Let me share a few examples:
My mother discouraged me to learn how to crochet
My mother was right-handed and I am left-handed. I was eager to learn because I was interested to make my own bags and cellphone pouches. At first, it was difficult. I need to mirror her. I was impatient but I made it.
In high school, I taught some of my classmates to learn how to crochet even though a lot of them were right-handed. I encouraged them that it would be easy for them since it was originally for right-handed persons.
My father discouraged me to learn how to drive a motorbike
I was 12 years old when I got interested with motorbikes. My used to have a motorbike and he taught his son at 8 years old. It was summer so it was time to learn a new skill. I told him I wanted to learn. He discouraged me just because I am a girl, underweight that I could not handle a motorbike. I insisted and cried. I learned.
In my solo travels in different countries, I was able to drive a motorbike alone. It felt so good to drive a motorbike while traveling as I can do my tour alone without the help of a tour guide. I have the freedom to go where ever I want to.
That's why we should encourage women how to drive a motorbike and a car. I regretted for not learning to drive a car. It could have been a useful skill here in France.
An acquaintance told me I could never go to Europe
I booked a one-way ticket to Myanmar for my backpacking journey in 2018. I posted it as a status and suddenly, an acquaintance left several comments the way I travel.
Before the incident, he asked me advice on how to get a Japan visa but I told him and his girlfriend that it would be easy for them since they work in an office. They have good salary and they got their Japan visa.
They got their Schengen visa for Europe. I am happy for them since they could actually afford.
Suddenly, he just told me that it would be impossible for me to go to Europe since I never work in an office. I've been working as a freelancer that it would be difficult for me to be granted a visa. He humiliated me in the comments.
He was questioning me why I keep on staying on cheap hostels? Unlike them, they stay in good hotels worth of their money. I am a budget traveler. Him and his girlfriend are luxury travelers. Do I need to explain more?
So many things have been said already that it felt I had no right to go to Europe just because I got denied my South Korea visa and Canada visa. He preferred to discourage me and humiliate me.
I met my French husband and he did his best to enter Europe. I did many research as well. I got denied on my first Schengen visa. I learned my mistakes. I lacked proper documents so I need to meet all the requirements to get a visa. I got a Japan visa for multiple entry. Having a ME visa helped a lot. I did my second try to get a schengen visa. I got it.
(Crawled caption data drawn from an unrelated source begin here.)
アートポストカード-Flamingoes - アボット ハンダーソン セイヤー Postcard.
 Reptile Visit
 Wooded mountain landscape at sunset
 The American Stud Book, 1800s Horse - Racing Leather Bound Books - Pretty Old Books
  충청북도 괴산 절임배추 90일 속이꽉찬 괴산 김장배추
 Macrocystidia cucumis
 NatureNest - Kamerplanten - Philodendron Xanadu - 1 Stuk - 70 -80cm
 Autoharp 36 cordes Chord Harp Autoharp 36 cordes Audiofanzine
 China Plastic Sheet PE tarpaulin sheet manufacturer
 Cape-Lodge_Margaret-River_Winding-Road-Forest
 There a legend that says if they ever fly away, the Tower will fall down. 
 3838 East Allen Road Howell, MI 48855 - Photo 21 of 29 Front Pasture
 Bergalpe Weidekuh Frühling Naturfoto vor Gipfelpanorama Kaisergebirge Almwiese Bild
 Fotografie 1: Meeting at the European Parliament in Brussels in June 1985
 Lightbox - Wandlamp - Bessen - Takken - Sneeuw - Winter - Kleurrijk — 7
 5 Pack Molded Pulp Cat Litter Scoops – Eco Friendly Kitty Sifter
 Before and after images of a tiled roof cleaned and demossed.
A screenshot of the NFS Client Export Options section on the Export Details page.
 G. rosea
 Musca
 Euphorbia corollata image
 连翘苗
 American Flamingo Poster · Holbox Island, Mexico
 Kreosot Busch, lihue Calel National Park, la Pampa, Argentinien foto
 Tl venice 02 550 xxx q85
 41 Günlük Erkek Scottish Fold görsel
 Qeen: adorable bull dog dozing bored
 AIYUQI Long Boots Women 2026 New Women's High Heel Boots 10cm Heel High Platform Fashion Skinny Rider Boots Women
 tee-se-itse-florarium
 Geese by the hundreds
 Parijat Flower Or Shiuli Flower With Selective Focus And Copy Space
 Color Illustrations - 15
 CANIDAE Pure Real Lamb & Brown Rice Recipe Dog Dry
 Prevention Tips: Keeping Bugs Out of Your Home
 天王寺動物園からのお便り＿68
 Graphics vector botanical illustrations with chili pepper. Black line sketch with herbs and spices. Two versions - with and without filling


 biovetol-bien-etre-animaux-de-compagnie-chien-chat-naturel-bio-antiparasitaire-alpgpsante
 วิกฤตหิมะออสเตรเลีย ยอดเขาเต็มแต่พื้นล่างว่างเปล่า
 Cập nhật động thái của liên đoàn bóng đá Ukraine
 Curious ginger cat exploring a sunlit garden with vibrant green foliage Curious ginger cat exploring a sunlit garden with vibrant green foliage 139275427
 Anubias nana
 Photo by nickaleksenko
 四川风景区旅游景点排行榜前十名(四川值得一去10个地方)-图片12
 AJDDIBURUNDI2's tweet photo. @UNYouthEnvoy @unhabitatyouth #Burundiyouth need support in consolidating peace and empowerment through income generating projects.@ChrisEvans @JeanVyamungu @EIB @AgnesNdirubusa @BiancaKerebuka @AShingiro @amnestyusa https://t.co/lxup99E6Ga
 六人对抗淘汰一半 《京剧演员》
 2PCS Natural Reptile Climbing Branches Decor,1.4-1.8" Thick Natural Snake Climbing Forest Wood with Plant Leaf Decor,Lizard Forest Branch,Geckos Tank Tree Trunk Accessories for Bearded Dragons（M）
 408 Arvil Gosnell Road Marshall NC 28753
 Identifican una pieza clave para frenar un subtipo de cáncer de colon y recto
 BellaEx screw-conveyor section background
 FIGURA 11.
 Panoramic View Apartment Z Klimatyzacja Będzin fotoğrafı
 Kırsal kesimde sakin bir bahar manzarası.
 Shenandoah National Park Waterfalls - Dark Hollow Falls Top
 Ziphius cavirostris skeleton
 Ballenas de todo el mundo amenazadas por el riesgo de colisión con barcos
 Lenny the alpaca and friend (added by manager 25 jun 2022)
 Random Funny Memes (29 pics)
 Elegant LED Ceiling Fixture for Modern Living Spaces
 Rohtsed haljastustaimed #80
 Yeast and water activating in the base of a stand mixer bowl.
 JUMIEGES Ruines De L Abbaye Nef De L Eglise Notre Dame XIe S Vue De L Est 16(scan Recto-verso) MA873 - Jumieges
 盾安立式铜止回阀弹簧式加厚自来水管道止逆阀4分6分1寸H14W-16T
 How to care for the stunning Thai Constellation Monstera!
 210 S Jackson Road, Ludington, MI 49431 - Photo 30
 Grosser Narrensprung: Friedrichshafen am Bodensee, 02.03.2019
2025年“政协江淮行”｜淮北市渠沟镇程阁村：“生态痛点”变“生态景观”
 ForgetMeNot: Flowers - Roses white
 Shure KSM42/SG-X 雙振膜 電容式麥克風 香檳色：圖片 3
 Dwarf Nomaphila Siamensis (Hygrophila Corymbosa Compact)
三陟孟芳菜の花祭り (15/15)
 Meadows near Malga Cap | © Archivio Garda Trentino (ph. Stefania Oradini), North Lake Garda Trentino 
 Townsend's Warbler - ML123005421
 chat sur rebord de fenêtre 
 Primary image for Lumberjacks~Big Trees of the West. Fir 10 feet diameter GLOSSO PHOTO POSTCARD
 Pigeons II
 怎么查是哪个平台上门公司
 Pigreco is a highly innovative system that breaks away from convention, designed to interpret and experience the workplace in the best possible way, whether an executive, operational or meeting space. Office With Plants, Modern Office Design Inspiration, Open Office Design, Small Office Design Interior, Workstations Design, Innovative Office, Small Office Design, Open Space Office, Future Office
Well, thanks to my researching skills and to the other people I really don't know who gave me tips to get that schengen visa. It's funny how strangers encourage you to get that visa but not your acquaintance.
What's the point? People you know may discourage you but don't stop, don't quit, don't give up. Always persevere and do the things that were impossible to make it possible. There's no harm in trying. You may fail many times. But if you spot your mistakes and correct them, it would help.
Help yourself. Encourage yourself. Don't mind other people when they say it is impossible.
I am a person who loves to encourage other people. If nobody encourages me, then, I have no choice but to encourage myself.
People gets surprised din how I handle stuff alone. I have internet to look for tutorials, and I got used to dealing with stuff alone. That's why nagugulat sila usually sasabihin nila "Tapos ka na sa ganto ganyan? Paano?"
Hahaha, proud moments.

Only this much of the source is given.